(Scraped caption text data)
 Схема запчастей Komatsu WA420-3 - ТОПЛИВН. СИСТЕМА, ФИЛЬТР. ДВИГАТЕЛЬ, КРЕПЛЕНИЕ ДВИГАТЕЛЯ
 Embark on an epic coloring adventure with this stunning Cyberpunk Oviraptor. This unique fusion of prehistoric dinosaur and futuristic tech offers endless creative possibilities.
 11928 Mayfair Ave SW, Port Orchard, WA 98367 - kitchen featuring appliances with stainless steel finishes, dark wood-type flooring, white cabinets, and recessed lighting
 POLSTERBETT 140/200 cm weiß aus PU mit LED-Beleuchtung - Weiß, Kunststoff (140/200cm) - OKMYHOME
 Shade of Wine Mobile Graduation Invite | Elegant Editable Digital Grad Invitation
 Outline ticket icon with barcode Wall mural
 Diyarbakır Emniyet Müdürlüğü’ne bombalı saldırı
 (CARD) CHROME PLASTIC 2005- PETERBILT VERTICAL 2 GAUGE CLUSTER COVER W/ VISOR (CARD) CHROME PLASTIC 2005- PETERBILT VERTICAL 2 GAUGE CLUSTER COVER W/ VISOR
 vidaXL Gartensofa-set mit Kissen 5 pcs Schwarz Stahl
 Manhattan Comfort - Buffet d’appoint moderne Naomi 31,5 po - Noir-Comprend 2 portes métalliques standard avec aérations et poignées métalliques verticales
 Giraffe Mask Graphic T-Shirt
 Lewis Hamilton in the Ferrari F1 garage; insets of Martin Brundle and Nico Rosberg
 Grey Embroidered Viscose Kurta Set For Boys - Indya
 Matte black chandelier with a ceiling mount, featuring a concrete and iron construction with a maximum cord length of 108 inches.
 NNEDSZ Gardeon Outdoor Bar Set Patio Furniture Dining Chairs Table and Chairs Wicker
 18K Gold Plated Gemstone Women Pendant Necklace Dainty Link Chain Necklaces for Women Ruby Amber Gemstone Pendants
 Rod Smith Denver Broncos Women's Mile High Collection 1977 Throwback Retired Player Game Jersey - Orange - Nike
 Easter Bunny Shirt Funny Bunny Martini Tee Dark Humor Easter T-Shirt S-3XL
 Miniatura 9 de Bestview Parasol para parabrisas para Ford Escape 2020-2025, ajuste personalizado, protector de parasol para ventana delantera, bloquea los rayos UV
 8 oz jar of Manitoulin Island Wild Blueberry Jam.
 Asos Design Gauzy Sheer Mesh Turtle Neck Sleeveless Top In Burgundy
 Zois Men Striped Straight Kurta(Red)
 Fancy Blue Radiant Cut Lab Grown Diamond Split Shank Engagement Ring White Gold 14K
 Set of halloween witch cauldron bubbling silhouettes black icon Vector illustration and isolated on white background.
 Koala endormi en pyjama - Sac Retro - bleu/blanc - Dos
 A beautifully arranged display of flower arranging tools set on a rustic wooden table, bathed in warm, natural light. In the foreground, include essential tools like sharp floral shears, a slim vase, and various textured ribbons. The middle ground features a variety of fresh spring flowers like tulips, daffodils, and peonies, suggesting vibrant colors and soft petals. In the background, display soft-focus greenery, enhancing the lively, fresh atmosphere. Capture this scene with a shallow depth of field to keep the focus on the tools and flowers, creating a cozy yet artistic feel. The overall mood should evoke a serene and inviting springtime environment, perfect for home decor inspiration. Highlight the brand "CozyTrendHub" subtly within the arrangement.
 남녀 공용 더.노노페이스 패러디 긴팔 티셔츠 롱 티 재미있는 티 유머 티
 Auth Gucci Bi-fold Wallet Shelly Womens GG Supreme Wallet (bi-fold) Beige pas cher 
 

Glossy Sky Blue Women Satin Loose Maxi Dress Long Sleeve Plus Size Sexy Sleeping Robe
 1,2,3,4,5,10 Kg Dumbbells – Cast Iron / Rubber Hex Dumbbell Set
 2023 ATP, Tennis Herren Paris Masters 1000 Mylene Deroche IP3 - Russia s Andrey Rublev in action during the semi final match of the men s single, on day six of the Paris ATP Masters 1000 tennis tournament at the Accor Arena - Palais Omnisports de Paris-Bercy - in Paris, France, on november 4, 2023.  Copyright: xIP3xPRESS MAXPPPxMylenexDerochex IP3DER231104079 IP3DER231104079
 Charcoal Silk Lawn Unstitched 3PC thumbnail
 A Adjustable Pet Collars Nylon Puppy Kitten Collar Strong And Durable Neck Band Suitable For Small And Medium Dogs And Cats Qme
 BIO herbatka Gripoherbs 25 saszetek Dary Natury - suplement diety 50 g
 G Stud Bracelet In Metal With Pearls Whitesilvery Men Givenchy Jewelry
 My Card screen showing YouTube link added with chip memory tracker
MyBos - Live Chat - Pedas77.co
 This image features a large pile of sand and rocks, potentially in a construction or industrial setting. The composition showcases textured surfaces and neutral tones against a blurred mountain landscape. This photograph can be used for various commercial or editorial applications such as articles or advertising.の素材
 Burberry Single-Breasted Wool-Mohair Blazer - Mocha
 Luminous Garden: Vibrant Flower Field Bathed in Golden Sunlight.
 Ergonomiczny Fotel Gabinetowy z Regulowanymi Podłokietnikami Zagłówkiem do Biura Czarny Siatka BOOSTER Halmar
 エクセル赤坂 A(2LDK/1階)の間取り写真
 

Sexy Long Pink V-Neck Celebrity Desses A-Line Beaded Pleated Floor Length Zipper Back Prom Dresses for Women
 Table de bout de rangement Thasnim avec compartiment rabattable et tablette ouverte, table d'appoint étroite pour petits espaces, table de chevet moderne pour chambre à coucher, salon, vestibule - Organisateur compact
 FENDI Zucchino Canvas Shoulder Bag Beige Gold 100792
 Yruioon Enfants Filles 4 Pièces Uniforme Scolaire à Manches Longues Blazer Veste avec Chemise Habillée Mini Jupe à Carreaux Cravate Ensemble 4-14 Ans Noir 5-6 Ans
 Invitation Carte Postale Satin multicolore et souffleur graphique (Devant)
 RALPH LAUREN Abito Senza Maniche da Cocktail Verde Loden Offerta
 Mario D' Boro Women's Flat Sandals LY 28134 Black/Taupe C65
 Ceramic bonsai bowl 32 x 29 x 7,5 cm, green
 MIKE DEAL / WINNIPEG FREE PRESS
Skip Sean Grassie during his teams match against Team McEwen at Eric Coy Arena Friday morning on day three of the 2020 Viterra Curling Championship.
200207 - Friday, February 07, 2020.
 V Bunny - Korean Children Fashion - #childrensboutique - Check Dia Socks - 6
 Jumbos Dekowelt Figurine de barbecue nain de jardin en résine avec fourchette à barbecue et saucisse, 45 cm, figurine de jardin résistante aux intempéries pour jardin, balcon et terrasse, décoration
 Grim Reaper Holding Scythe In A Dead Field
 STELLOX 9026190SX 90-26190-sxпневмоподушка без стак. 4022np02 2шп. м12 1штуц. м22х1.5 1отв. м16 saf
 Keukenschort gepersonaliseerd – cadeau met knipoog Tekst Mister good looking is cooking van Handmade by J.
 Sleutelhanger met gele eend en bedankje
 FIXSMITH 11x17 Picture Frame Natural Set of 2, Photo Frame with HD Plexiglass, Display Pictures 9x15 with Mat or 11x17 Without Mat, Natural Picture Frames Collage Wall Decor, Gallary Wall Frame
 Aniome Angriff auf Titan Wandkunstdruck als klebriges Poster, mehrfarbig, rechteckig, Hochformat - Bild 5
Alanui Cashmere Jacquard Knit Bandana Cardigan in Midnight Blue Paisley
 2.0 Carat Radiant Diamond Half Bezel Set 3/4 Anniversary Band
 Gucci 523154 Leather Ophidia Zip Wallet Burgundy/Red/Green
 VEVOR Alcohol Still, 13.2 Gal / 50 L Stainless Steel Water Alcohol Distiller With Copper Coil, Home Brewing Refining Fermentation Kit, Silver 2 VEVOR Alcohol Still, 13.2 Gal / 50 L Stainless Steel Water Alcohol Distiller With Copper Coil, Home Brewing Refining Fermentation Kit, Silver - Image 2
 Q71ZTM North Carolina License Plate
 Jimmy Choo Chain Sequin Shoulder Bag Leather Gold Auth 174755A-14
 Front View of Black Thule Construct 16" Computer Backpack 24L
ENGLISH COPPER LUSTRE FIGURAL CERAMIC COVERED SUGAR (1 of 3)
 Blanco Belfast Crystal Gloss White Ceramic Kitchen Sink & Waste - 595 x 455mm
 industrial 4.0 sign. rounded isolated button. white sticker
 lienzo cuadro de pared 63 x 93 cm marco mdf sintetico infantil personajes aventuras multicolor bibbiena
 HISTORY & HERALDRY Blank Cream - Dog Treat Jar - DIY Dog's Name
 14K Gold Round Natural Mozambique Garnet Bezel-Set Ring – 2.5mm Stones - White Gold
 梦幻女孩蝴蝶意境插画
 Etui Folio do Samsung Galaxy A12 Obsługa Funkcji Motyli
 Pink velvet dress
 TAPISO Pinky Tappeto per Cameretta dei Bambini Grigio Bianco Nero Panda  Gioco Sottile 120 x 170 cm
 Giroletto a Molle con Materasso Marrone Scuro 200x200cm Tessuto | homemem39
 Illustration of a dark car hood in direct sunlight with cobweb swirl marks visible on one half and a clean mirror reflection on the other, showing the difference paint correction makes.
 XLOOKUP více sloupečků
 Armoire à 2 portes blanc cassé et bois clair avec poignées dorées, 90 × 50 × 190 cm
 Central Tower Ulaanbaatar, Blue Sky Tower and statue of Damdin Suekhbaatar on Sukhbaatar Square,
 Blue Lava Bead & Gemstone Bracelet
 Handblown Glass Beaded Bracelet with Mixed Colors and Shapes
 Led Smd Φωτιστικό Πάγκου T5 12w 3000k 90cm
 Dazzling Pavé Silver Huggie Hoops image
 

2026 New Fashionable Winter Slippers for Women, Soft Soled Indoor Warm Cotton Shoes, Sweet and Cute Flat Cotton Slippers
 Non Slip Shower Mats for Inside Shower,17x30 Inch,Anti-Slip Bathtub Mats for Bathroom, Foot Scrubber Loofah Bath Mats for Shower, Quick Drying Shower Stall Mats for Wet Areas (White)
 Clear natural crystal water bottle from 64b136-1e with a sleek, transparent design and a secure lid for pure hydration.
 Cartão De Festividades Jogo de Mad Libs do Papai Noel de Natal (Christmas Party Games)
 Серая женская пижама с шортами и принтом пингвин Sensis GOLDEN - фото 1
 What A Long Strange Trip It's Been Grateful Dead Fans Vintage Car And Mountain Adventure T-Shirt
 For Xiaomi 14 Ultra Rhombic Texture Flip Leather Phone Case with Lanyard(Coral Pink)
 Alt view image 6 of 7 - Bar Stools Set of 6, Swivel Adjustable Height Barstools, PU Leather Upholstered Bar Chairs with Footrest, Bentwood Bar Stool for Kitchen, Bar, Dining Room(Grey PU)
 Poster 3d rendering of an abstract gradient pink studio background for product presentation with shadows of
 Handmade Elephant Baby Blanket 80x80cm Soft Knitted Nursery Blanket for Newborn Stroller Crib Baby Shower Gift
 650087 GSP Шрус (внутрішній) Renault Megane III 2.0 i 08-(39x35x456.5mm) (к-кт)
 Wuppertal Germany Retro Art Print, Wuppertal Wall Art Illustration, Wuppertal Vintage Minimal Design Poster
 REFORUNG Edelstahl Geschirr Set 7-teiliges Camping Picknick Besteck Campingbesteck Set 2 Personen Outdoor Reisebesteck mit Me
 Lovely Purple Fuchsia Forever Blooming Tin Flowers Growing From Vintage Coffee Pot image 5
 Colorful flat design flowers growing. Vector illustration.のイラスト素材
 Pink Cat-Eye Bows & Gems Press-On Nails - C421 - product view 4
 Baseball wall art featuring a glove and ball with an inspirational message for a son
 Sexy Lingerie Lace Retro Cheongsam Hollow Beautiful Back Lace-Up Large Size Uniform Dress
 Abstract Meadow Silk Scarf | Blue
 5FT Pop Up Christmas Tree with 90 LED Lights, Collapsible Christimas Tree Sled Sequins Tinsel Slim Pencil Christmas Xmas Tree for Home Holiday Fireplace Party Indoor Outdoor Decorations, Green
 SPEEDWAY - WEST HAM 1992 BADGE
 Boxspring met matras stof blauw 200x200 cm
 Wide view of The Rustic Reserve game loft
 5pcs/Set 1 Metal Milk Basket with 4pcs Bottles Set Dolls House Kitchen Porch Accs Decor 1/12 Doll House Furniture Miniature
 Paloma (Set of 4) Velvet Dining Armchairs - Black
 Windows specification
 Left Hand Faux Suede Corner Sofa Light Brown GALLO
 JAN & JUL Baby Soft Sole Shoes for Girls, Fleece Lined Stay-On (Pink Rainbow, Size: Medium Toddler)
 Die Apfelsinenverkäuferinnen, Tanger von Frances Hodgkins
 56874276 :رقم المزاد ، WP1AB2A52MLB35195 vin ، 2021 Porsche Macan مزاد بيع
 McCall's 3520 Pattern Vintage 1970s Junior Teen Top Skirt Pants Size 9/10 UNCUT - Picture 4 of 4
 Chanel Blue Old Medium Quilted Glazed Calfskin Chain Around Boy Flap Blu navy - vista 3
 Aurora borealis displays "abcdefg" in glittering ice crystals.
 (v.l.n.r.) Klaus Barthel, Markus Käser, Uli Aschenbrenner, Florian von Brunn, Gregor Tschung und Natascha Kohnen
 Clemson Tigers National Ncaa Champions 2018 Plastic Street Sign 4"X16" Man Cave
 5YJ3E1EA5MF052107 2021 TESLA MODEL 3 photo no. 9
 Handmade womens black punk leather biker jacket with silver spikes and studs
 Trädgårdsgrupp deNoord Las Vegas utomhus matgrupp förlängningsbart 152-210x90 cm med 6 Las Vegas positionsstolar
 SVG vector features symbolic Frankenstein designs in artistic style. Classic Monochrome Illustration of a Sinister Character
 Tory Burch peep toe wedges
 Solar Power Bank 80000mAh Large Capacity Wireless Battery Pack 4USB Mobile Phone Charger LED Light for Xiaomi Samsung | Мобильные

◆ **EXERCISE OBJECTIVE**: Filter the entries down to the lines that include the string "Dining".

◆ **EXPECTED ANSWER**:
 NNEDSZ Gardeon Outdoor Bar Set Patio Furniture Dining Chairs Table and Chairs Wicker
 Alt view image 6 of 7 - Bar Stools Set of 6, Swivel Adjustable Height Barstools, PU Leather Upholstered Bar Chairs with Footrest, Bentwood Bar Stool for Kitchen, Bar, Dining Room(Grey PU)
 Paloma (Set of 4) Velvet Dining Armchairs - Black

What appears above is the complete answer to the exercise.